The matrix in Figure 3-1 illustrates the diversity of control requirements and benefits, for SPC/H depending on roles and solar power source. In all cases there are preconditions of tariffs, incentives, messaging, control technologies and house quality, for each of which there will be a range of possibilities depending on application. The vertical purple bands indicate how control may be the responsibility for one of three possible actors: the householder, the network business, or a third party that would interface with and bundle a group of households. The benefits are different for each of these roles, and will differ depending if the power is from a householder’s own rooftop PV, or is from excess grid capacity, as shown in the green horizontal bands. There are also benefits that would be experienced beyond these roles in the broader community, shown in the matrix as community benefits spanning the full width. These are expected to be reduced household electricity costs particularly helping those in fuel poverty to improve their thermal comfort and thus health and well-being, and a reduction in barriers to installing rooftop PVs and feeding to the grid.
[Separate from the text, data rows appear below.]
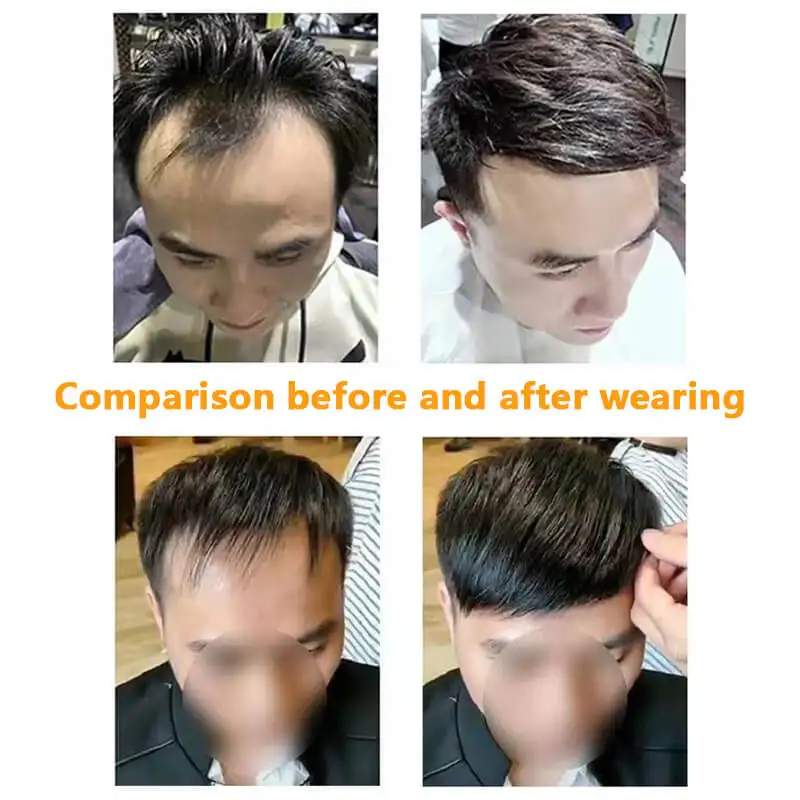 Male Hair Prosthesis Silicone Microskin Base 100% Human Hair Replacement Mens Toupee Breathable Biological Scalp Wigs For Men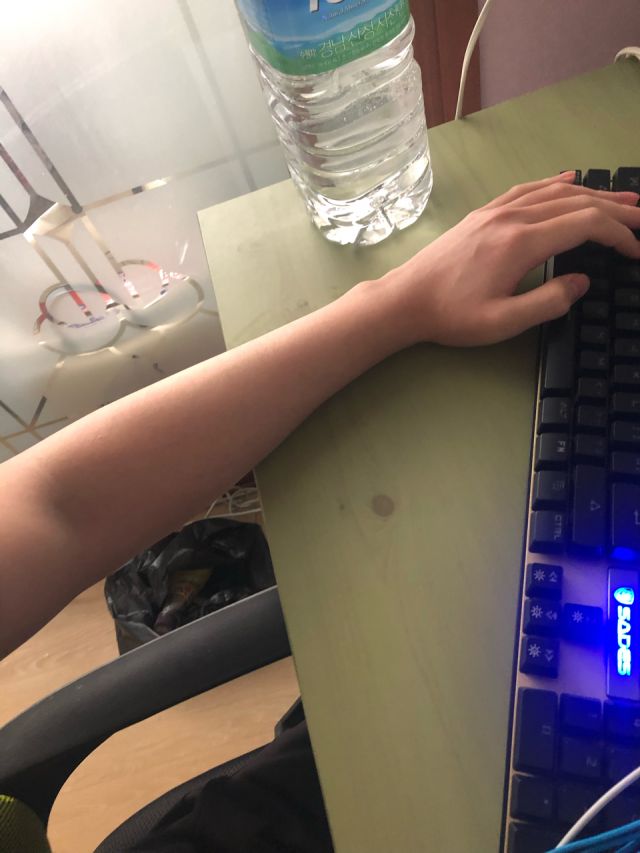 [老问题求助]关于手臂流姿势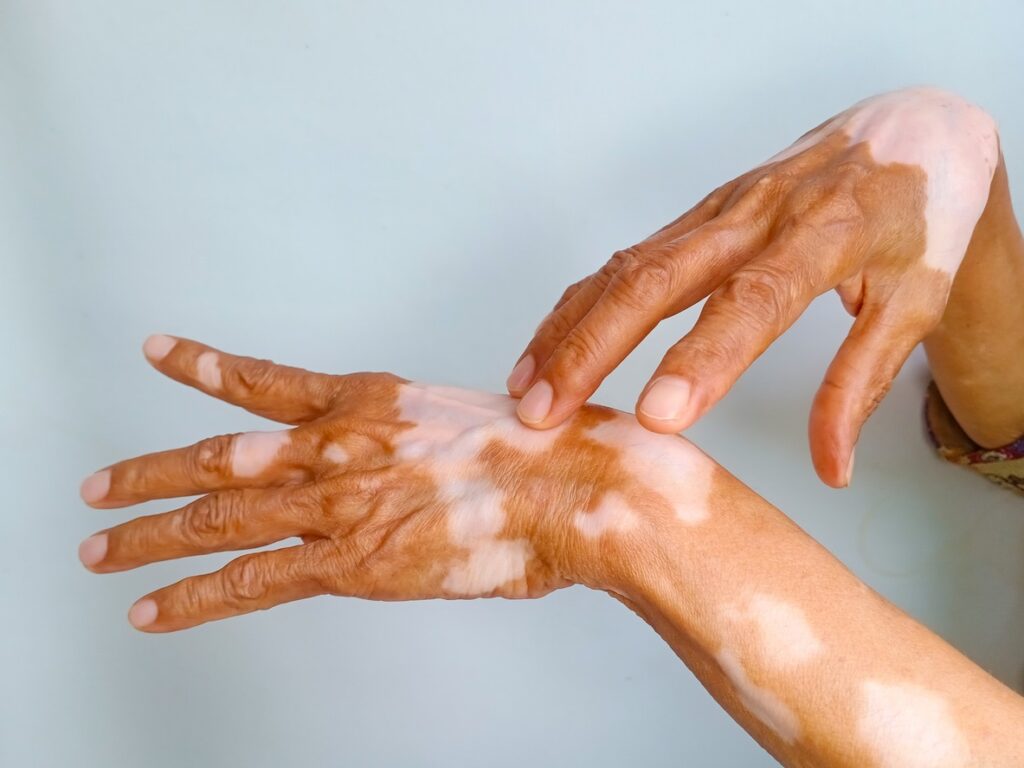 Close-up of hands with vitiligo skin patches, highlighting awareness supported by the Vitiligo Innovators Program.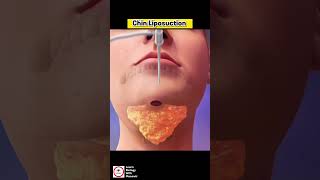 Chin Liposuction [upl. by Neeloc]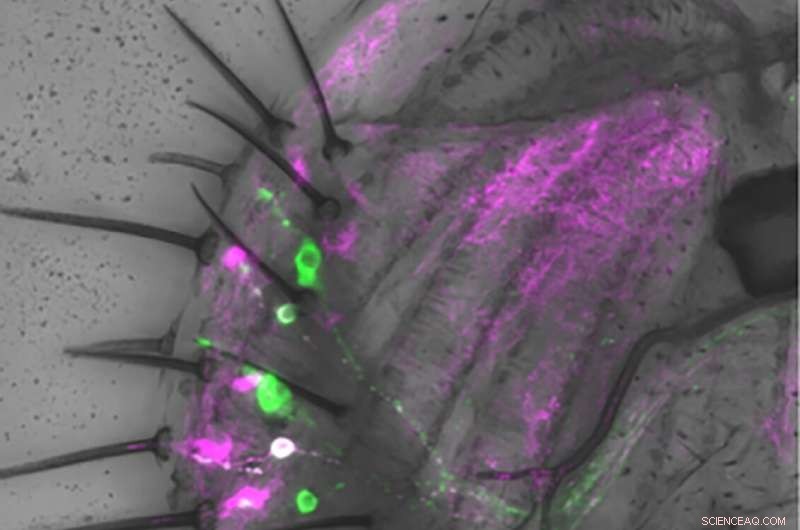 Fruit Flies Detect and Avoid Excess Salt: New Insights into Sensory Mechanisms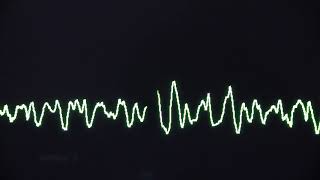 Ventricular fibrillation causes cardiac arrest.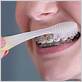 how to brush braces with an electric toothbrush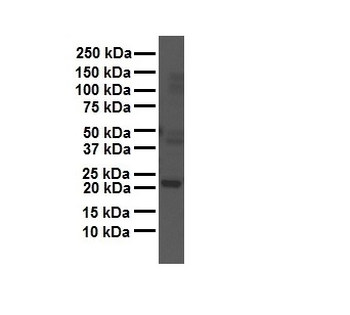 GAMT Rabbit Polyclonal Antibody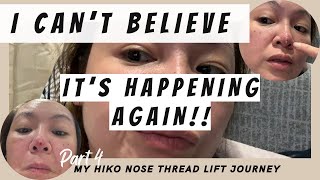 DEALING WITH THREADS REJECTION  HIKO NOSE THREAD LIFT UPDATE [upl. by Iroj]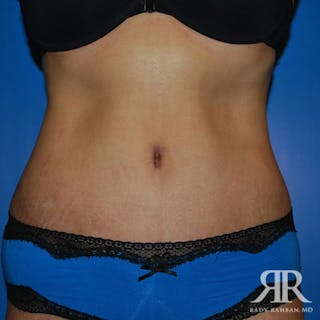 Tummy Tuck Before & After Gallery - Patient 128053 - Image 2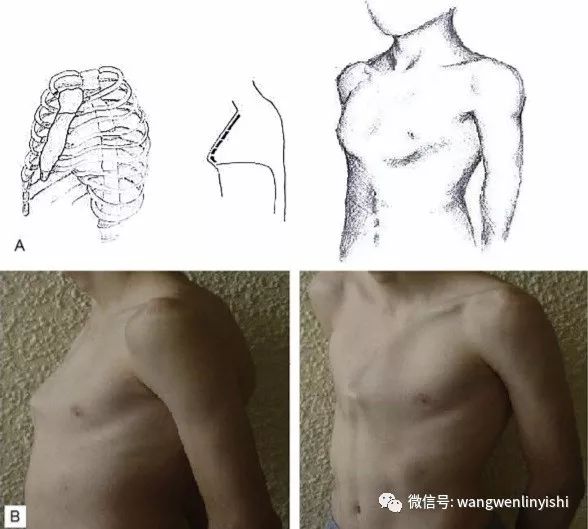 鸡胸的最新分类方法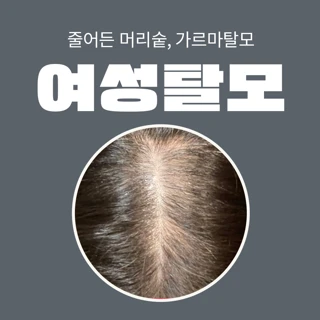 여성 탈모 치료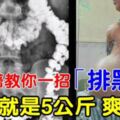 [老中醫]教你一招排黑便！一次排5公斤，排便一次到底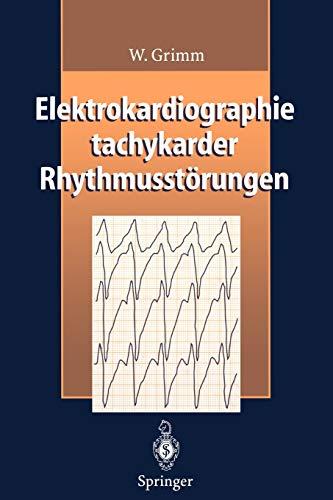 Elektrokardiographie tachykarder Rhythmusstörungen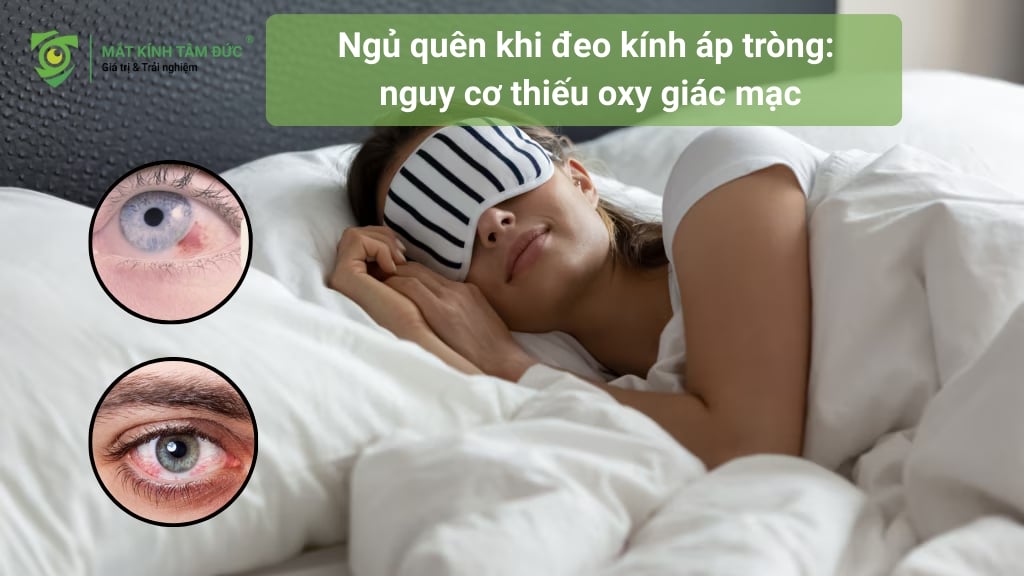 Khi bạn thức, giác mạc (phần trong suốt phía trước mắt) nhận oxy chủ yếu từ không khí. Đeo kính áp tròng, dù hiện đại đến đâu, vẫn làm giảm lượng oxy này. Khi bạn ngủ, mí mắt nhắm lại, lượng oxy cung cấp cho giác màng vốn đã thấp nay càng giảm mạnh hơn.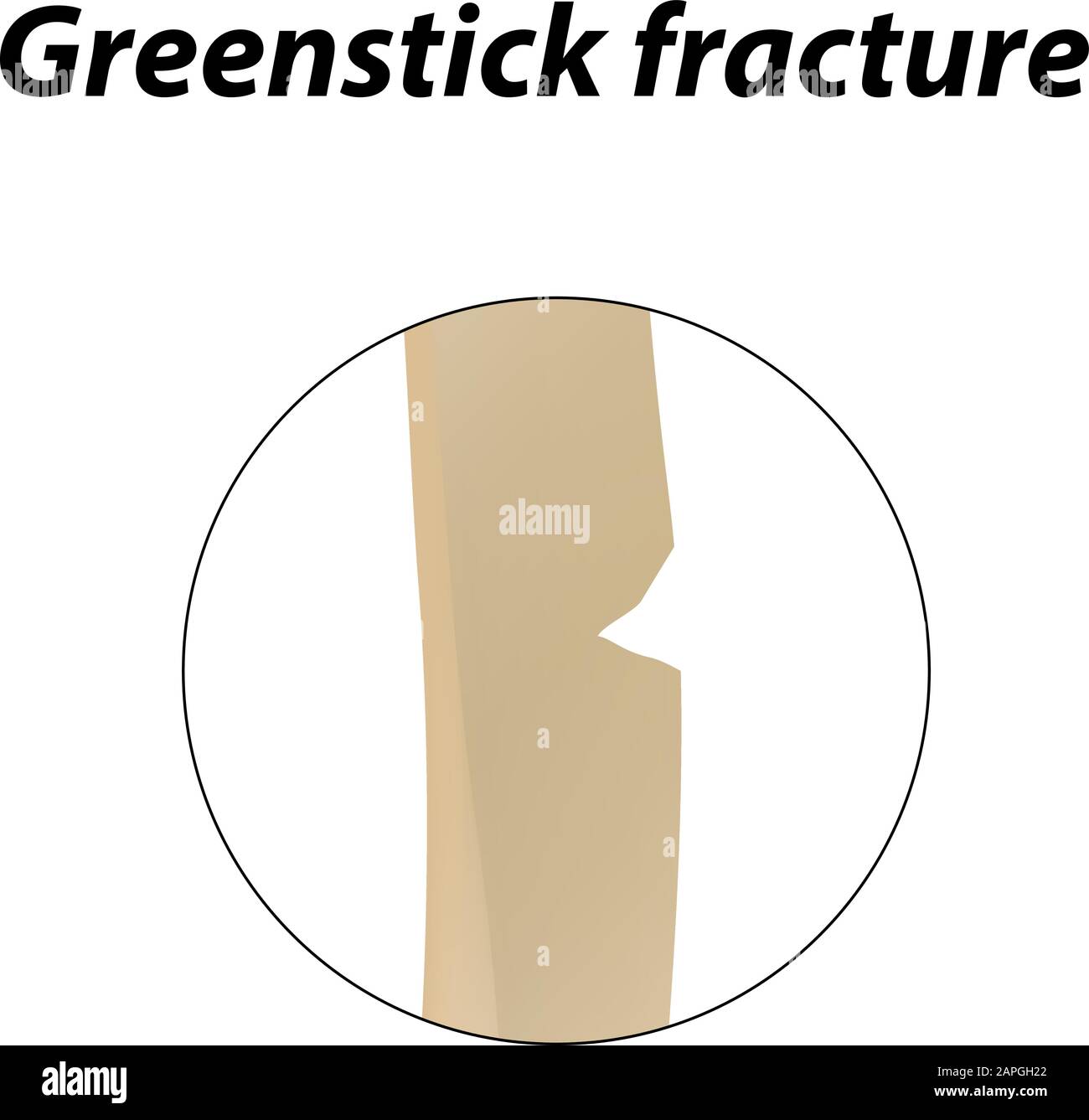 Frattura ossea Greenstick. Infografiche. Illustrazione vettoriale su uno sfondo allineato. Illustrazione Vettoriale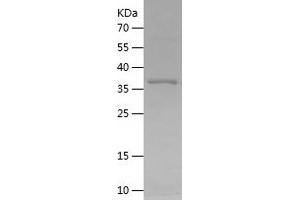 Western Blotting (WB) image for Cytochrome P450, Family 7, Subfamily B, Polypeptide 1 (CYP7B1) (AA 39-180) protein (His-IF2DI Tag) (ABIN7122584) (CYP7B1 Protein (AA 39-180) (His-IF2DI Tag))
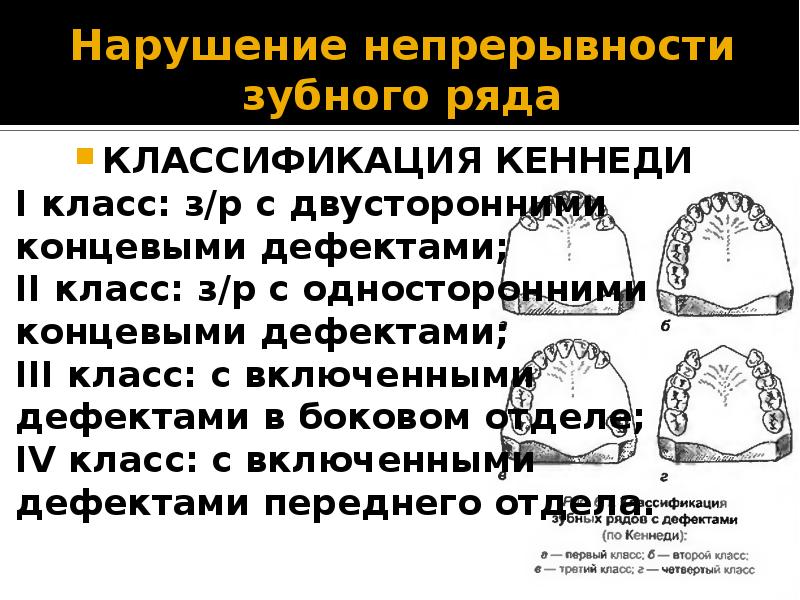 Дефекты зубных рядов. Классификация зубных рядов по Кеннеди и Гаврилову. Классификация дефектов зубных рядов по Кеннеди. Подклассы дефектов зубных рядов по Кеннеди. Классификация потери зубов по Кеннеди.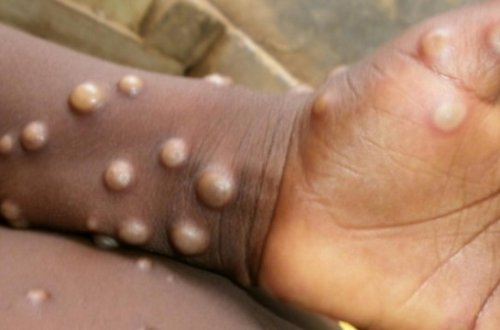 Daha bir ölkədə meymunçiçəyinə yoluxma faktı aşkarlanıb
Figure 3-1. Complexity in solar pre-cooling
The alignment of solar availability with residential cooling requirements has generated large-scale interest in the development of solar assisted comfort cooling technologies across the world. The intersection of decarbonising the energy sector and rapidly increasing global cooling demand due to increased economic prosperity in tropical countries is a global driver of accelerating this technology development [14]. However, residential solar assisted cooling is still an emerging opportunity to reduce electricity demand from the grid and improve the energy footprint of the built environment. The literature scan below is focused on the status of solar pre-cooling that is suitable for residential applications and identified technology and market status in Australia.